The Gospel of Barnabas is not the same as the Epistle of Barnabas (c. 70–130 AD), which is the early Christian document. The Gospel of Barnabas survives only in Italian and Spanish manuscripts from the 17th century, with internal evidence — feudal terminology, references to Dante's Divine Comedy — placing its composition between the 14th and 16th centuries, roughly 700–900 years after Mohammed. It is not "hidden by Christians." It simply did not exist when the canon was formed.

Does "Paraclete" in John 14:16 refer to Mohammed?

No. Every Greek manuscript says "Parakletos" (Helper/Advocate) — not "Periklutos" (praised one). There is no textual basis for the substitution. More significantly, Jesus identifies the Paraclete as the Holy Spirit in John 14:26, says the Paraclete will dwell "in" the disciples (John 14:17), and the fulfilment is recorded in Acts 2 at Pentecost — over 500 years before Mohammed.
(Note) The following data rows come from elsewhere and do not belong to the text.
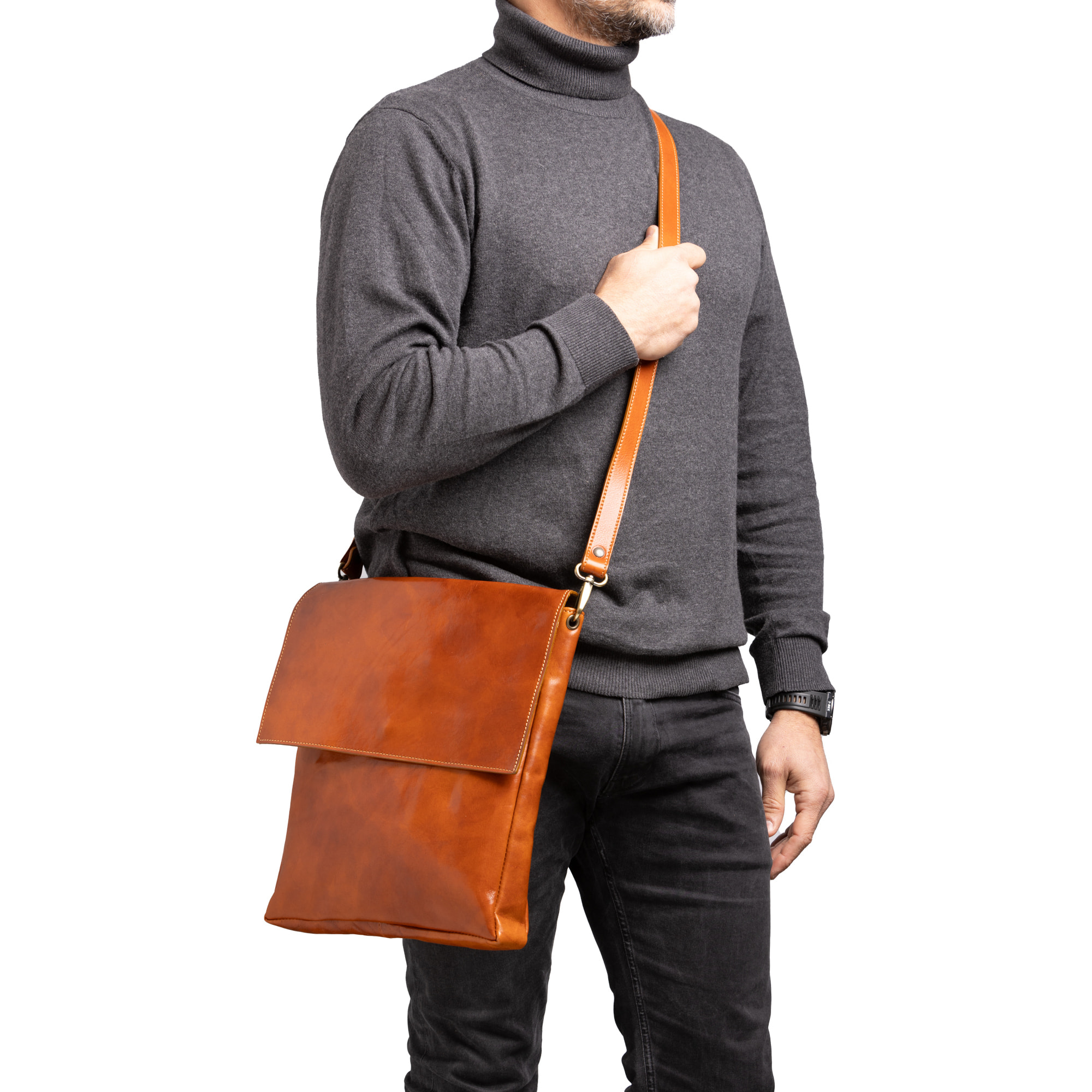 Borsa a tracolla  da uomo In Vera pelle Made in Italy 31x35x4 cm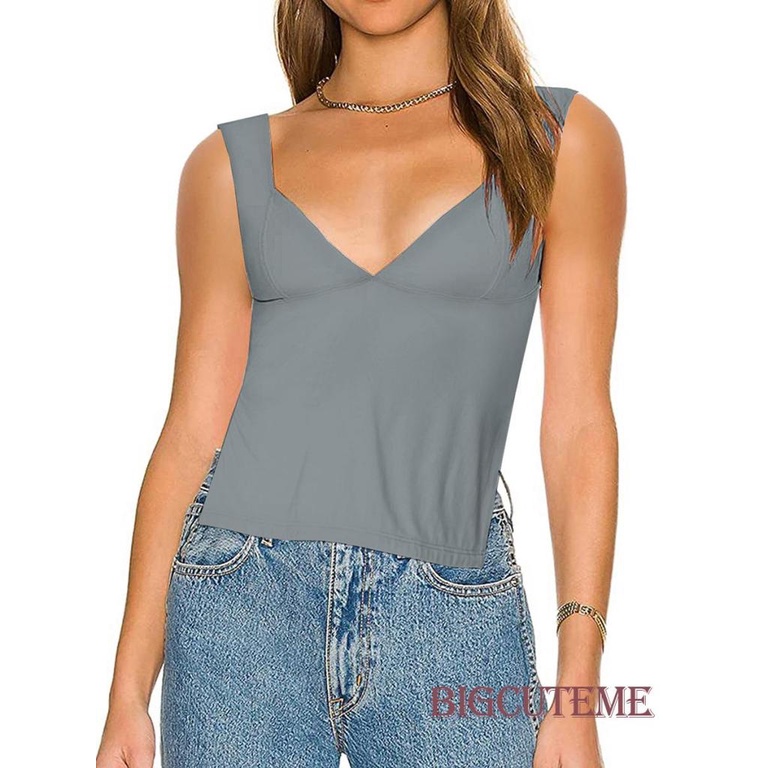 Áo Tank Top Không Tay Cổ Chữ V Hở Lưng Màu Trơn Thời Trang Mùa Hè Dành Cho Nữ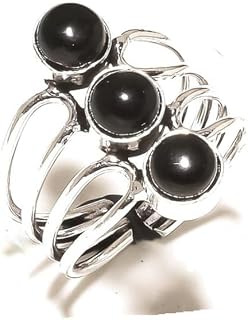 Black Onyx Handmade Adjustable Ring Size 9 US for girls women Mom Wife 925 Sterling Silver Plated jewelry from VACHEE 2822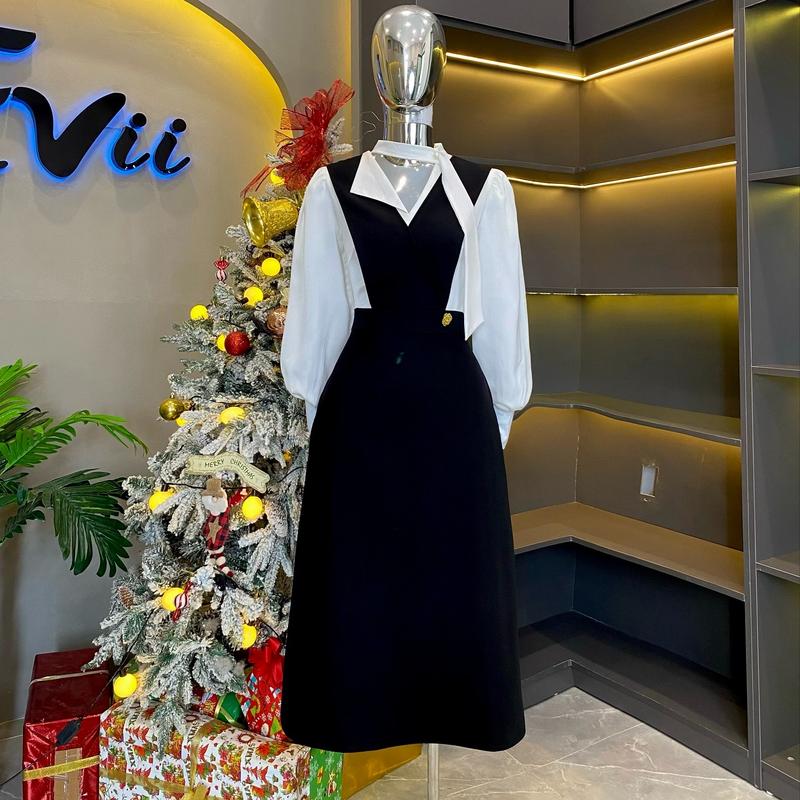 Product Introduction of Váy Thiết Kế Evii E72 dành cho nữ Đầm thiết kể cổ bẻ bất đối xứng dây nơ may liền dài tay (tặng kèm tag cài) dáng A dài phù hợp đi làm đi chơi và đi dự tiệc Có Bigsize Dress Women 5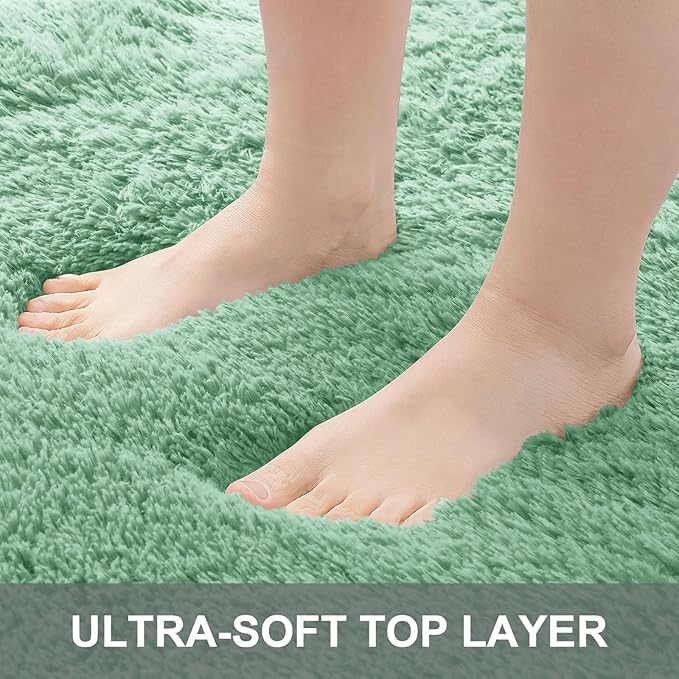 OLANLY 8x10 Machine Washable Large Area Rugs for Living Room, Bedroom, Soft Fluffy Shaggy Bedside Rug, Indoor Floor Carpet for Kids Girls and Boys, Dorms, Nursery, Home Decor Aesthetic, Mint Green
Does Deuteronomy 18:18 predict Mohammed?

The New Testament explicitly applies this passage to Jesus — twice. Peter in Acts 3:22 and Stephen in Acts 7:37 both quote Deuteronomy 18:18 and apply it to Jesus Christ. These are the earliest interpreters of the text, writing within decades of the events. The "brethren" of Israel in this context means fellow Israelites — consistent with Deuteronomy 17:15, where Moses uses the same word to mean fellow Israelites, not Ishmaelites.

Does machamadim in Song of Solomon 5:16 mean Mohammed?

No. Machamadim is a common Hebrew adjective meaning "lovely" or "desirable." The same word appears in Lamentations 1:10, Isaiah 64:11, and Hosea 9:6 — all in contexts where it clearly means "pleasant things." If it were a proper noun for Mohammed, those verses would be nonsensical. It is a plural of majesty — a Hebrew grammatical form intensifying an adjective, not a name.